Using the data below, reproduce exactly the lines from the line with "Eine Frau trägt" to the line with "Copper bundt pan.", both included; pictures must be dropped.

## Records to process
-------
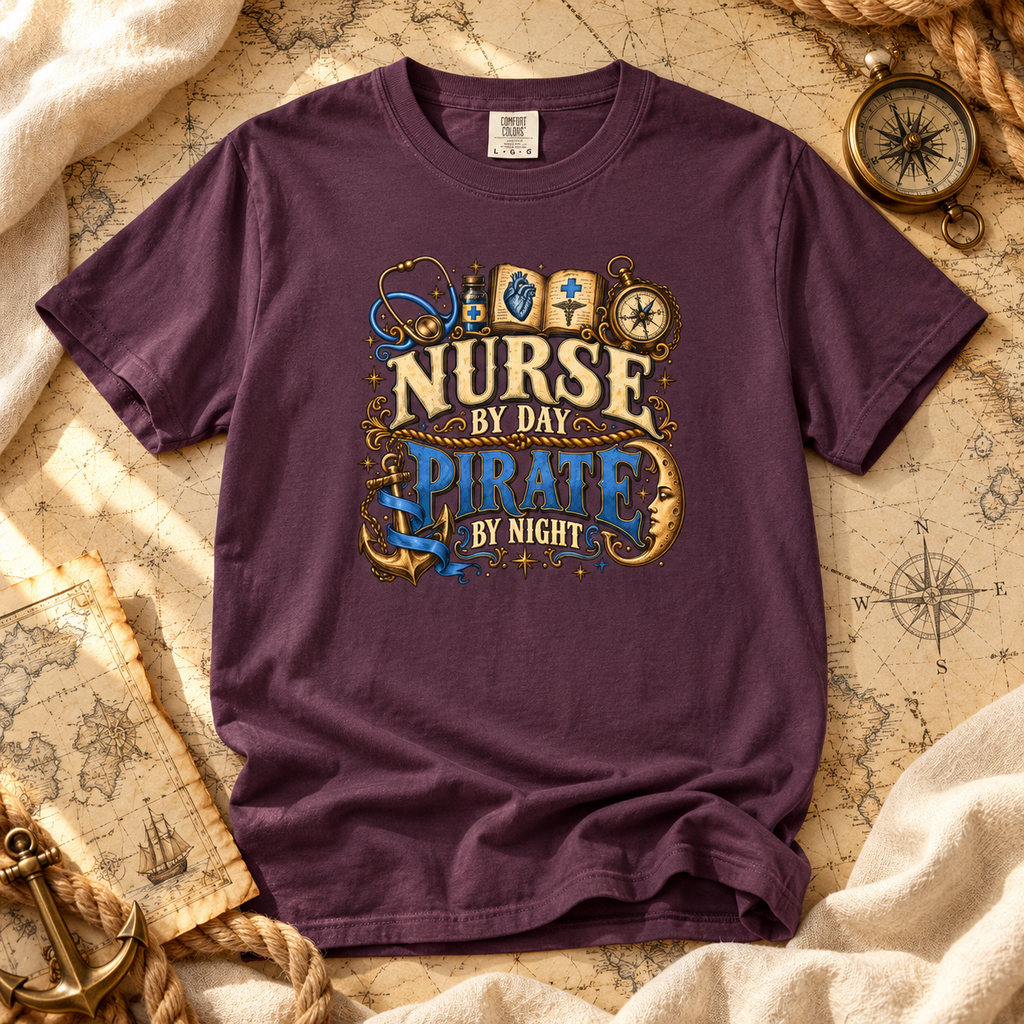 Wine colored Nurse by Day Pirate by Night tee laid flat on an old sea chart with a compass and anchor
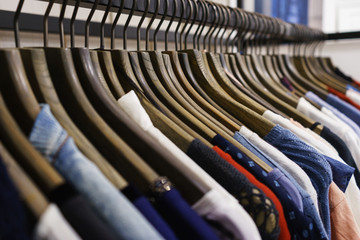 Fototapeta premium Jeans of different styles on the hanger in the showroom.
-------
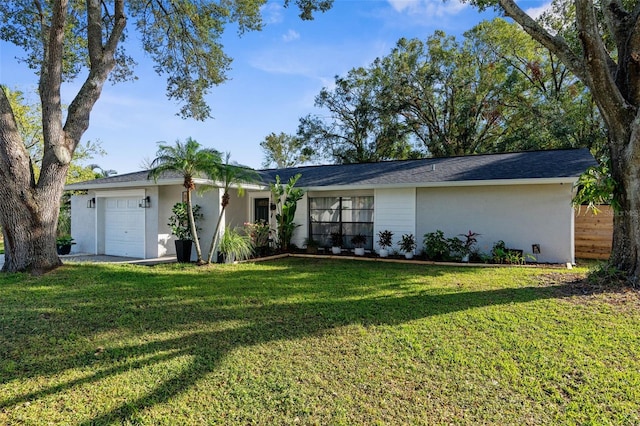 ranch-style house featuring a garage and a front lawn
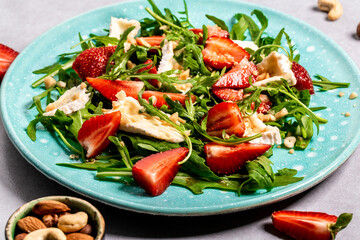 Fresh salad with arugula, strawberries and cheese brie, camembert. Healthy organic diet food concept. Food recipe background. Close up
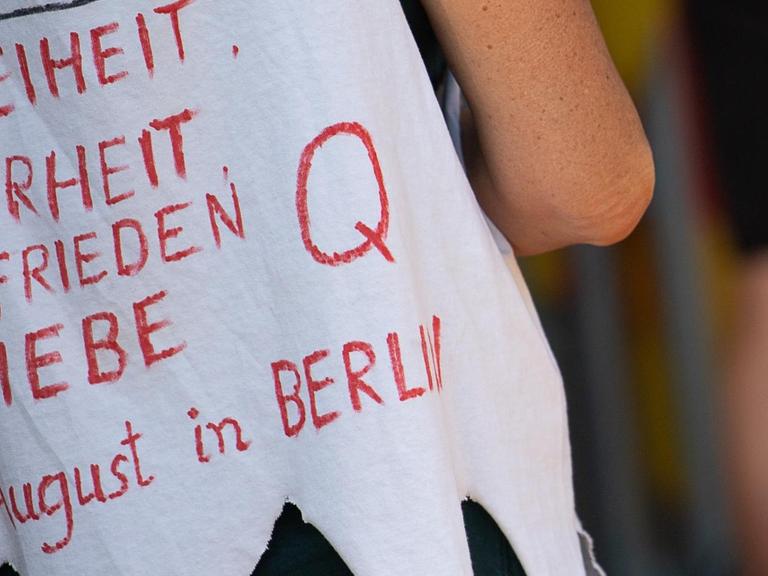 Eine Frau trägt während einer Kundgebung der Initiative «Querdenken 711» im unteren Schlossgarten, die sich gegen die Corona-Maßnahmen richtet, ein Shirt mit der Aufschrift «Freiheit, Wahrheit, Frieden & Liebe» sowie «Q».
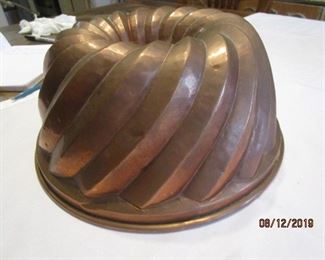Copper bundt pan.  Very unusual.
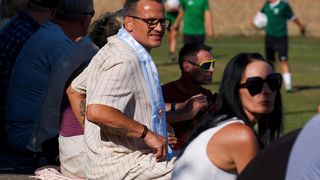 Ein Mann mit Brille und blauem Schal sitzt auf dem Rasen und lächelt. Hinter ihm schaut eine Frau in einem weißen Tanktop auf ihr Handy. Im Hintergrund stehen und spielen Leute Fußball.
-------
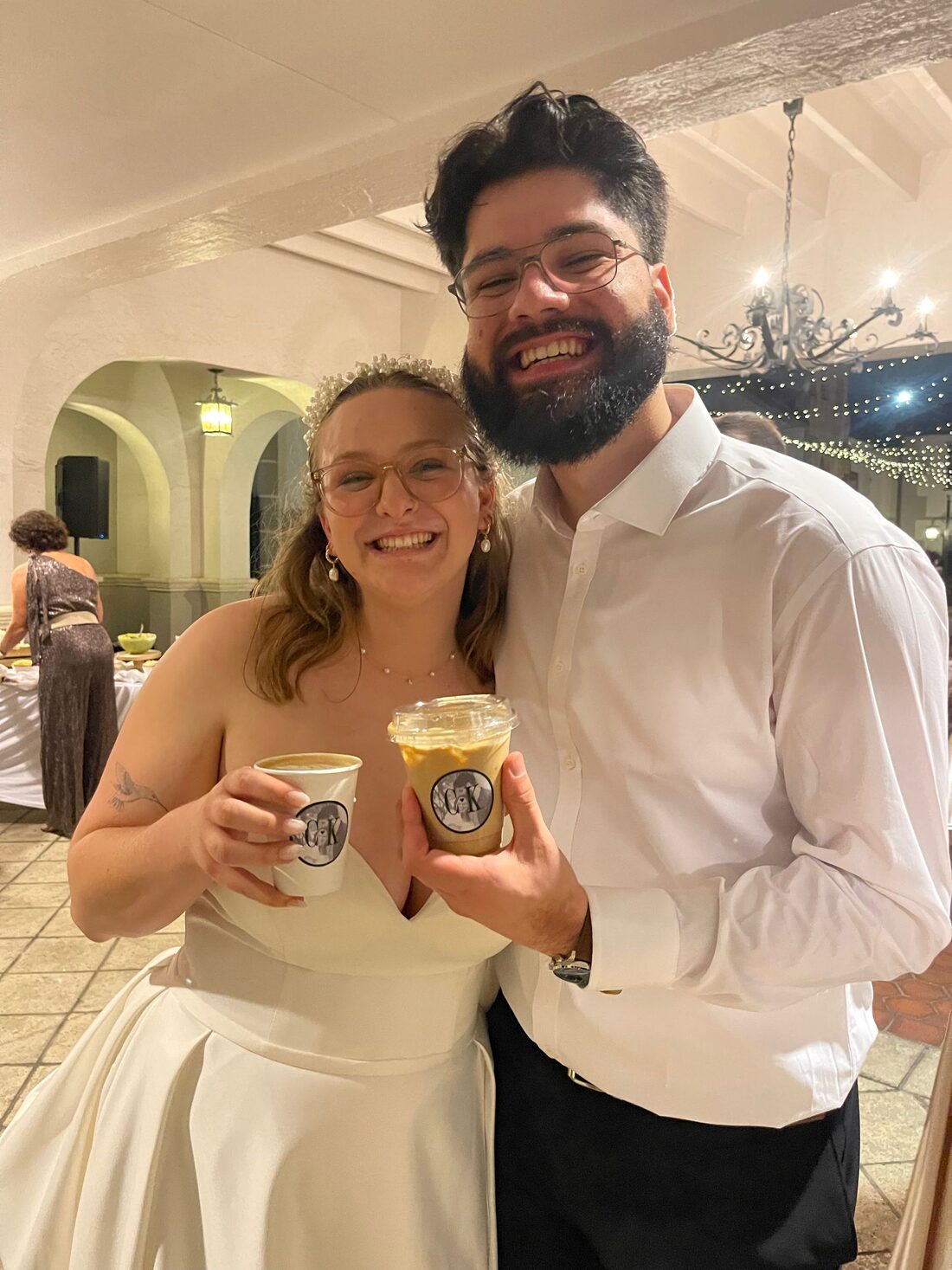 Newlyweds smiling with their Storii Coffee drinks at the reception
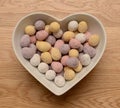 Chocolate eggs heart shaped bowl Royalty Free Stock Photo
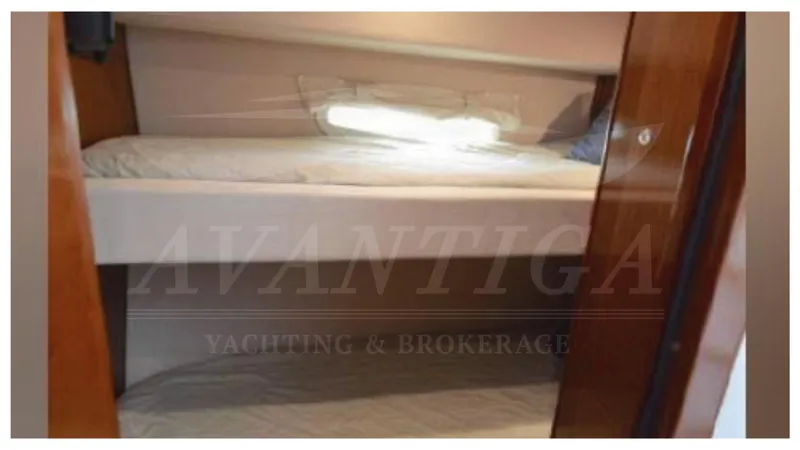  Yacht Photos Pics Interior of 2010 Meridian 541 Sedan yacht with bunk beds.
-------
## Result of the exercise
 Eine Frau trägt während einer Kundgebung der Initiative «Querdenken 711» im unteren Schlossgarten, die sich gegen die Corona-Maßnahmen richtet, ein Shirt mit der Aufschrift «Freiheit, Wahrheit, Frieden & Liebe» sowie «Q».
Copper bundt pan.  Very unusual.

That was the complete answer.